Na Livraria Portuguesa, o autor britânico explicou o seu fascínio pelo Oriente que começou quando estava a aprender mandarim em Pequim. Durante mais de uma hora, French admitiu que nunca procurou Macau, mas que Macau vem sempre ao seu encontro. “Nas minhas pesquisas acabo sempre por dar de caras com Macau. As histórias de Macau sempre me surgiram sem estar à procura delas”, admitiu, enquanto justificava as suas descobertas sobre o território.
French aprofundou, por exemplo, o tema da criminalidade no eixo Lisboa-Macau-Xangai. O britânico revelou que quando escrevia o seu livro “City of Devils: The Two Men Ruled the Underworld of Old Shanghai” descobriu muitas histórias sobre aquela cidade chinesa, as ligações com Macau e, imagine-se, a presença de criminosos portugueses proeminentes na sociedade xangainesa da época. “Fiquei bastante surpreendido com o facto de haver tantos portugueses envolvidos no mundo do crime em Xangai. Geriam clubes nocturnos, investiam dinheiro no jogo. Um deles era José Botelho, cabeça do gangue Palácio de Prata, que antes de chegar a Xangai tinha passado por Macau, território onde se deslocava com frequência”, contou, acrescentando que havia ainda em Xangai uma outra facção criminosa gerida por outro português – o gangue 37427.
Macau, no entanto, acabou por ser um território “lá longe”, uma espécie de escapatória para portugueses que não eram bem-vindos em Portugal. “Era um local onde se falava português e onde os criminosos podiam circular com um certo à-vontade sem serem importunados pela polícia”, referiu o autor britânico, afirmando que a “ligação desconhecida” entre Macau e Xangai também se relacionava com a produção de ‘slot-machines’ para a cidade do continente através de Macau.

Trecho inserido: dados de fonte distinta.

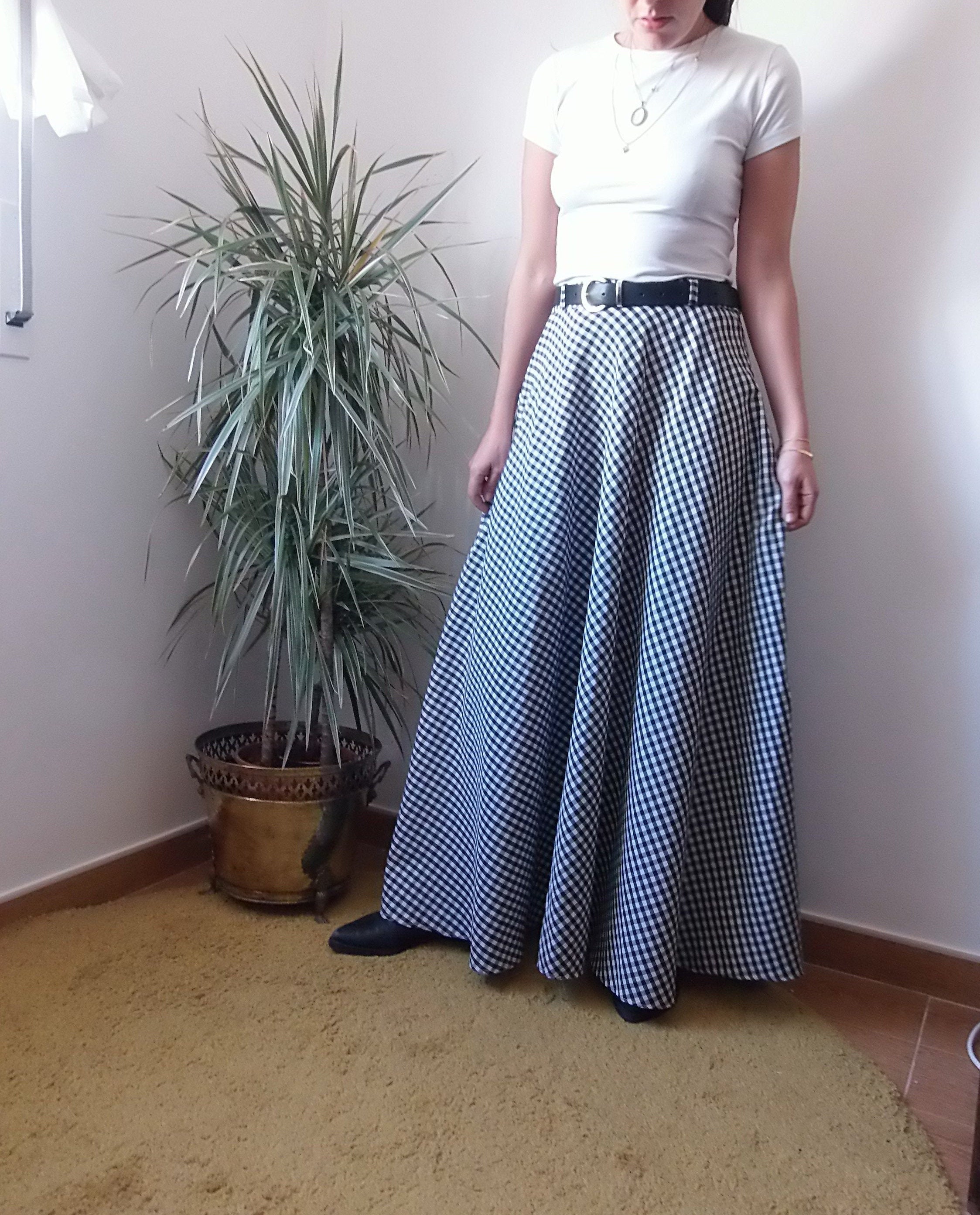 Gingham Black and White Maxi Skirt / Circle Maxi Skirt in | Etsy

Lendo jornais antigos ou indo a bibliotecas. Paul French bebeu o suficiente para retratar aquele tempo ido dos anos de 1930 com a precisão necessária e desvendou outra história. “Numa edição do South China Morning Post li que o Japão ofereceu dinheiro a Portugal para comprar Macau. Não é uma história muito conhecida, na verdade. Mas Salazar não foi na conversa dos japoneses e os britânicos também fizeram alguma pressão em Lisboa. Hong Kong não podia estar ao lado de um território japonês e nem os chineses aceitariam tal desfecho. Para o Japão, presumo, seria uma forma mais fácil de conquistar território na Ásia, mas não aconteceu”.

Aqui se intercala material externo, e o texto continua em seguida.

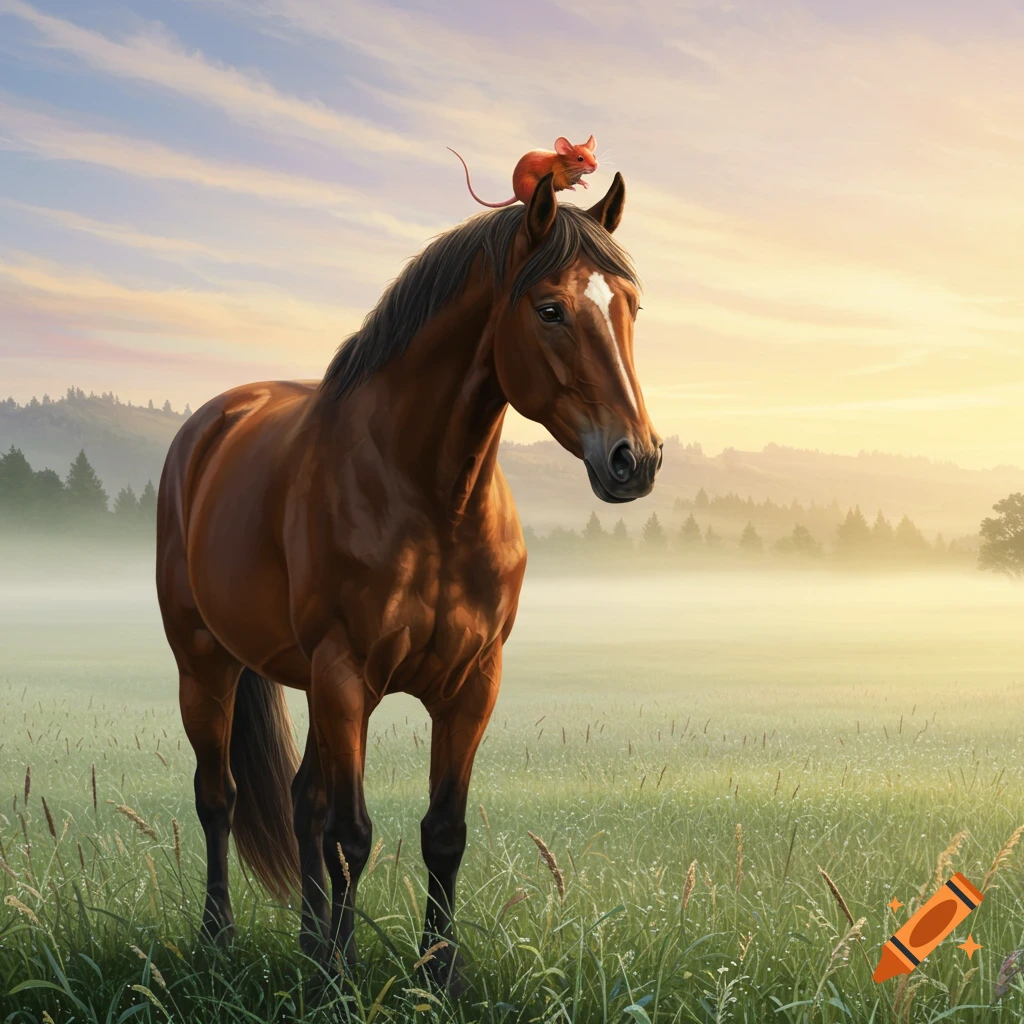 A brown horse with a small red mouse on its head stands in a misty green field under a dawn sky, photorealistic style.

O autor britânico considera que “há muitas coisas para se descobrir sobre Macau”. Para além de misterioso, Macau era um território “onde era permitido fazerem-se muitas coisas” e não era só negócios. “Digo muitas vezes que Macau é uma espécie de Casablanca da Ásia, onde, por exemplo, os portugueses se misturavam com os chineses, com os britânicos e com os japoneses em plena II Guerra Mundial. Não é fascinante?”, questiona.

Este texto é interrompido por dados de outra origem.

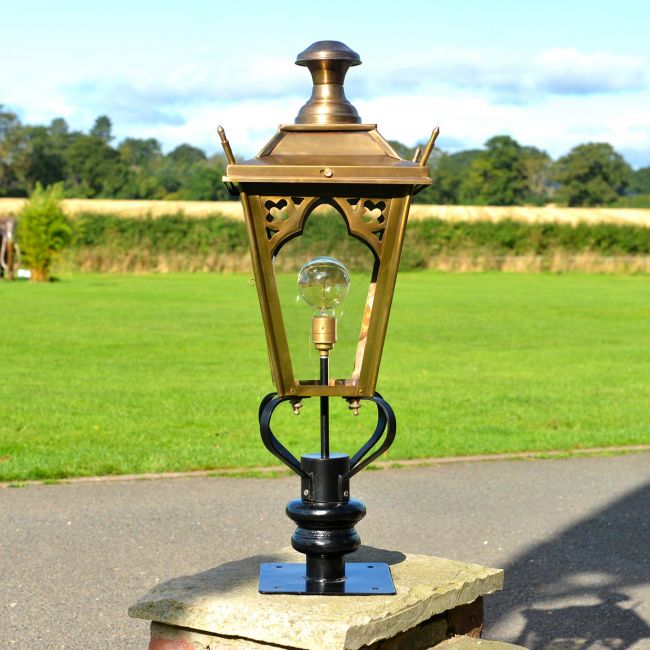 81cm Brass Gothic Pillar Light and Lantern Set on a Brick Pillar 81cm Brass Gothic Pillar Light and Lantern Set on a Brick Pillar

Paul French acaba de reeditar um livro sobre os escritos de Harry Harvey – “Where Strange Gods Calls”, editado nos anos de 1920 –, “e o estilo com que descreve a Macau da altura é sempre com ligação aos casinos, diferente de tudo o resto, com a presença do catolicismo”. “Ele descreve a sociedade,dizem que há isto, há aquilo e há freiras. Freiras por toda a parte”, contou, lembrando que já Ian Fleming relatava isso nos seus livros, nos anos de 1960. O autor de James Bond escreve sobre Macau quase da mesma forma que escrevia Harvey anos antes. “O que retiro disto tudo é que Macau era um lugar onde podíamos, de certa forma, escapar às autoridades. Havia jogo, prostituição, e Lisboa não estava, de facto, a prestar muita atenção. E depois havia, de facto, a grande presença da Igreja Católica”, referiu o britânico.